Sports have been a significant topic between me and many of my friends.  Is Big Papi washed up?  Compare Charles Barkley’s lifetime stats to Larry Bird’s, then tell me who was the better player.  What do we think about millionaires playing for teams owned by billionaires?  The list stretches endlessly (at least according to my life-mate Sue).  It’s that guy thing—the substitute or perhaps testosterone version of intimacy.

But today’s post isn’t about professional sports or my obsession with it.

The subject’s up because this year I’m co-managing a community co-ed softball team, Jah Energy (named after the Jamaican god).  I’ve played for Jah nearly twenty-five years, much of which I was a pretty good first baseman (“if you’re gonna throw wild, throw it low. I’m too damn short and fat to leap high, but I can pick ’em out of the dirt”).

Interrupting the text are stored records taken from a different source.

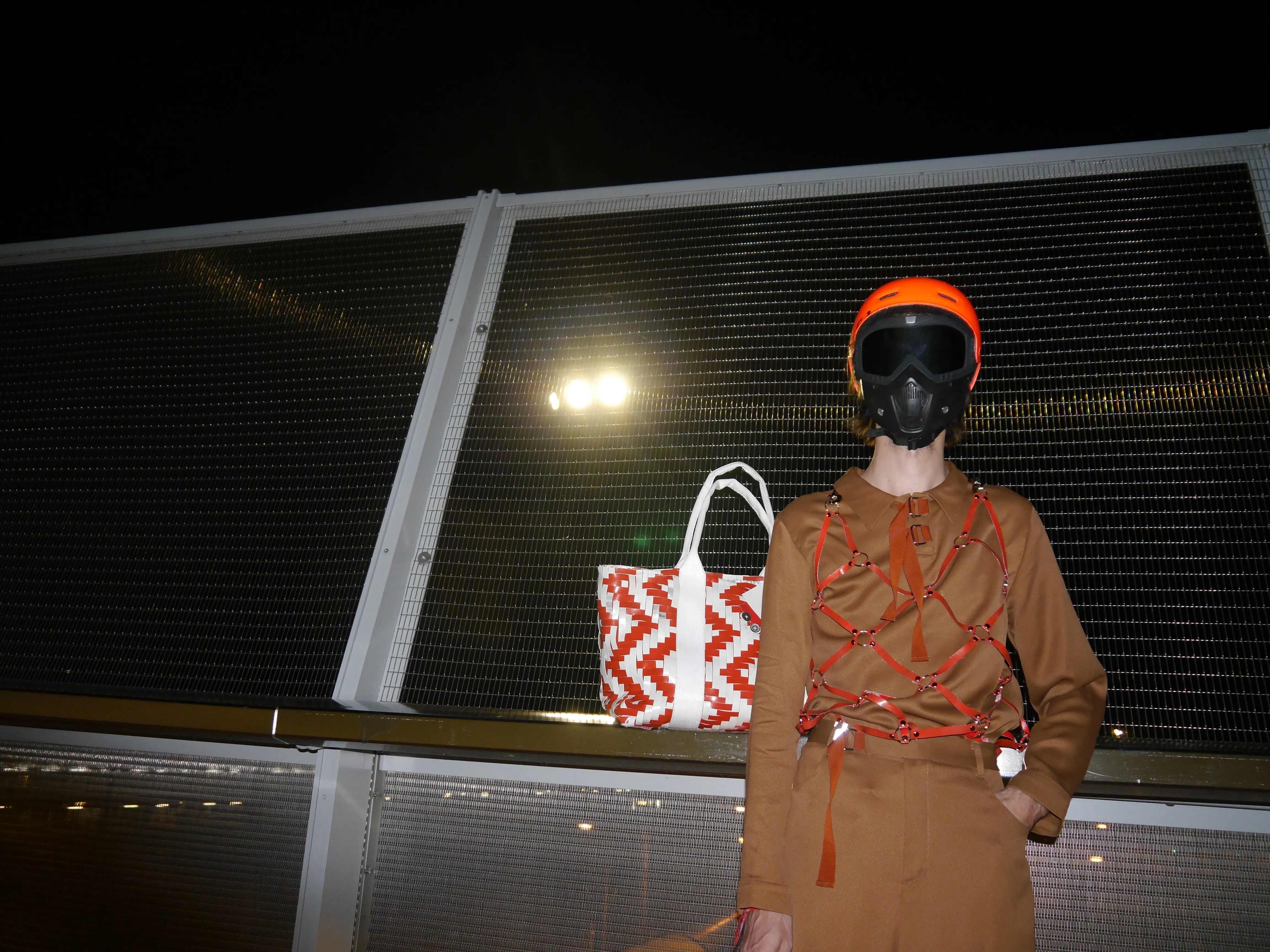 yesiknowthereisabdsmvibetothis 5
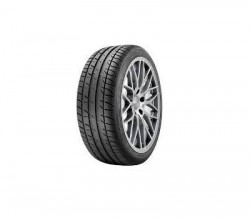 Tigar HighPerformance 195/60/R15 88H vara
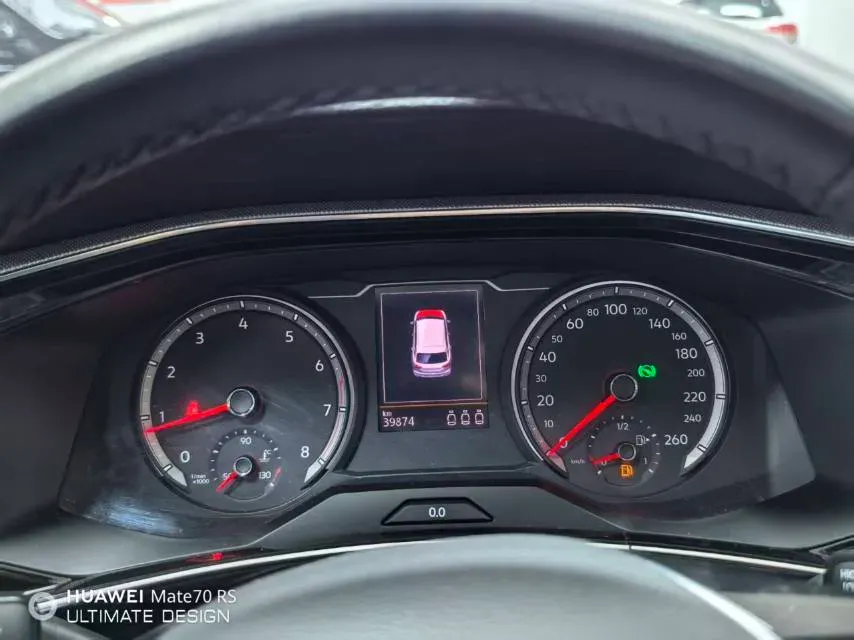 2022 Volkswagen Tayron 1.4T 150HP L4 7DCT,autocango,china used car exporter,china ev exporter,chinese used car exporter,chinese used ev exporter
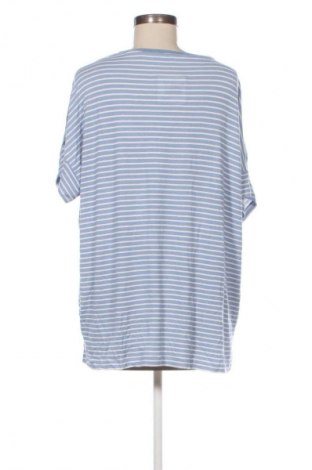 Bluză de femei Le Comte, Mărime XL, Culoare Multicolor, Preț 129,99 Lei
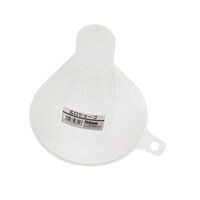 �L���W���[�S�@�P�T�O�����@�R�l�@�L��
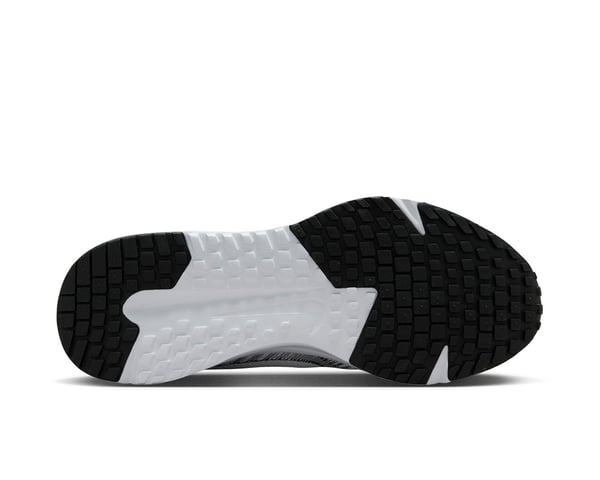 NIKE W RUN DEFY KADIN KOŞU AYAKKABISI HM9593
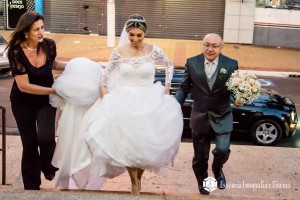 37019482_2106937102713922_8874383872217841664_n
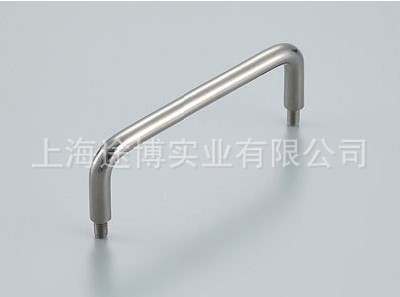 QQ图片20131002191759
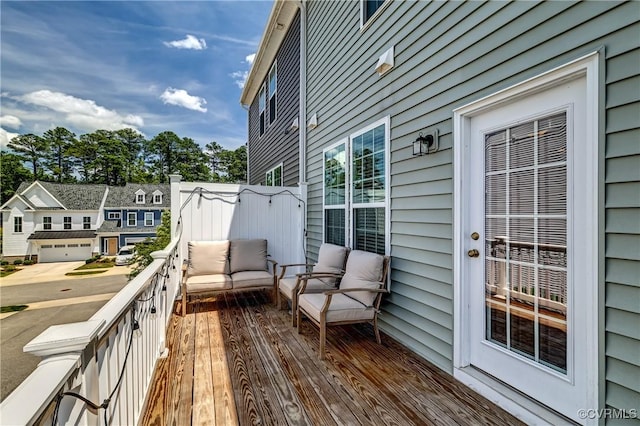 15204 Dunton Ave, Chesterfield, VA 23832 - photo 11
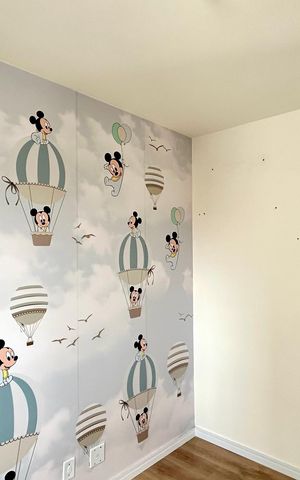 Apartamento à venda com 48m², 2 quartos e 1 vaga Apartamento à venda com 48m², 2 quartos e 1 vagaQuarto 2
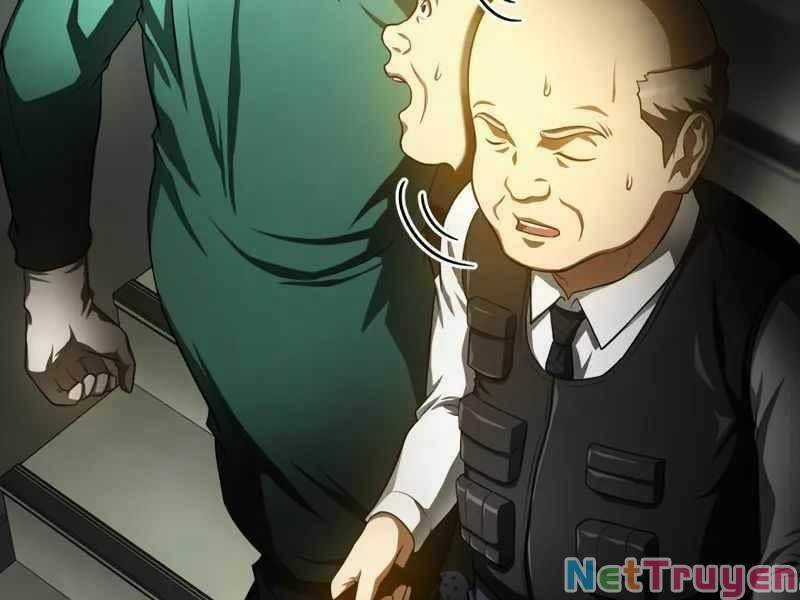 Bác Sĩ Hoàn Hảo - Chapter 53 - Trang 132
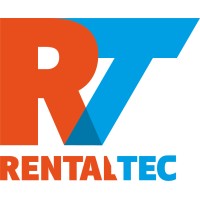 RentalTec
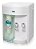 Termostato Ibbl Fr600,gfn2000,evolux,bag - Imagem 2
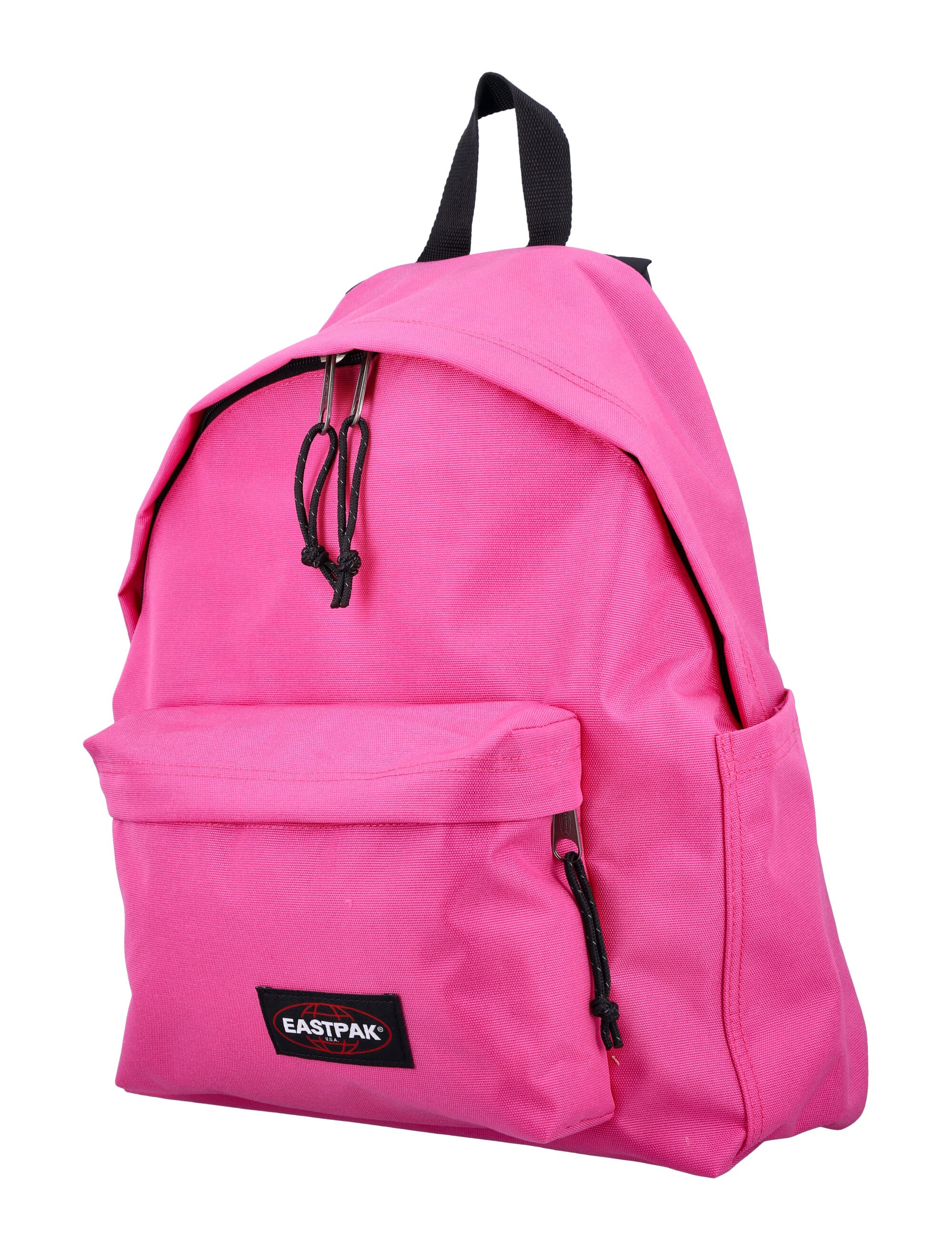 [Eastpak] Bag FW26 EK0A5BG4K25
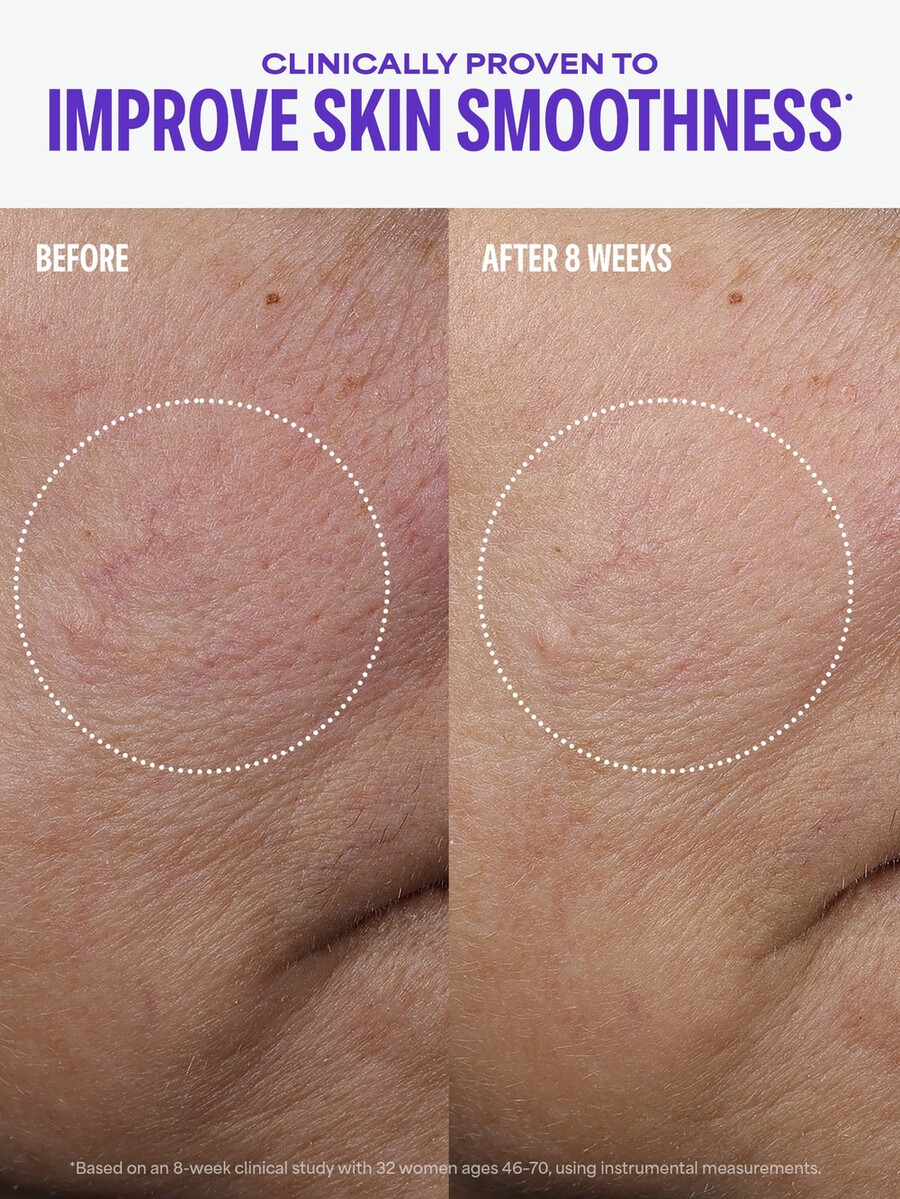 cellularyouth anti-aging-serum für ein längeres leben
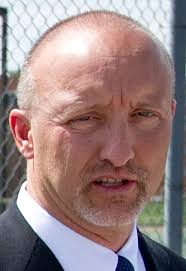 Crowd accuses board of 'rubber stamping' weed applicants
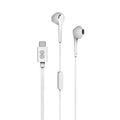 Engage Type-C Earphones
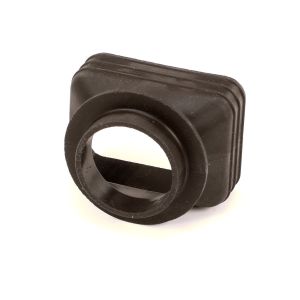 Server 88764 CUP ADAPTER SLIMLINE DFD
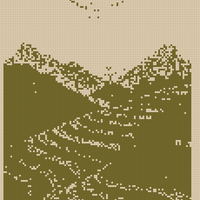 91B77CEF-A662-48A7-B4EF-6B2E11441C51.jpeg
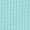 Hint of Mint, variant on Girls Sleeveless Quick Dry Cross Back Ribbed Tank Top, Sizes XS-XXL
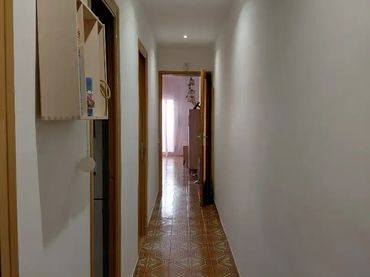 Piso en  Avinguda del Turó 47 - Foto 5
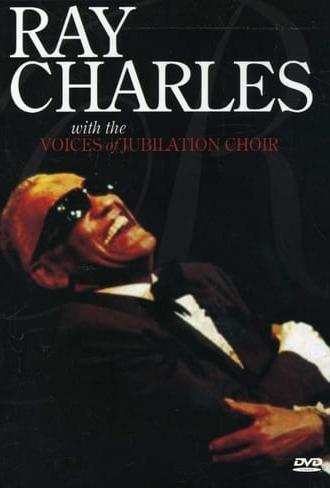 Ray Charles with the Voices of Jubilation Choir (2006)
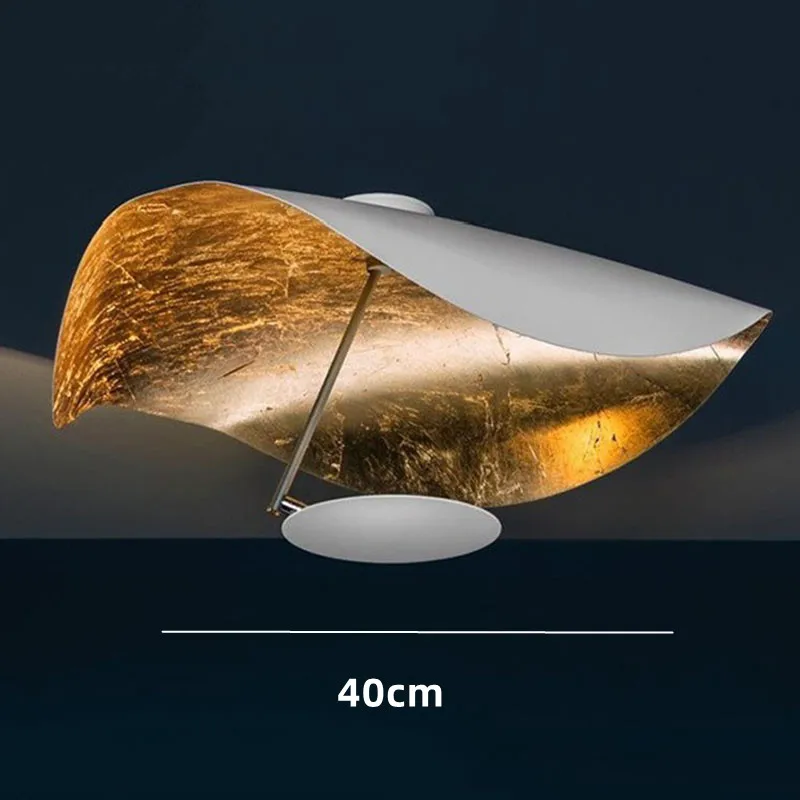 Luminaire Suspendu / LÉGENDAIRE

Now though, I’m too old to play much anymore (probably close to, if not the oldest person, in the league) so the shift to co-manager makes sense.  Still, it’s super cool to hit the field every once in a while as catcher, watch my son playing first or outfield, my nephew covering third, and the diamond stocked with representations of Jah’s different generations–including some first year newbies.  One of the benefits of catching is you see it all.

But managing a community co-ed softball team is more of a challenge than I ever had as a player.  There’s finding enough women who want to join, for example, and deciding the minimum number of games people must attend to be on the playoff roster.  Collecting dues.  But for me, the most difficult issue is finding a balance between my desire to win and trying to have everyone play—no matter their skill level.  A seriously schizo experience.

When I held down first base, the answer seemed simpler.  Everybody plays.  But truth be told, I was a starter and mostly played  full games.  It was the other positions where people were shuttled in and out.  Kinda made my largess an easy do.

Come a decade or two, (and I was no spring chicken when I first joined Jah) our manager at the time began subbing me out.  I knew my skills were eroding and that the woman who replaced me was the better athlete.  Not only in the field, but at bat.  (A banjo hitter, I never hit a home run during the course of my twenty-five years.)  So for me it was still “everyone plays” in part, because I now was one of those “everyones.”  But another part of the conflict went internal; should the shadow of my former self play at all, or just let others take my spot?  And how much of the “let others” take my “spot” was really for the good of the team, or was I simply embarrassed by my declining ability?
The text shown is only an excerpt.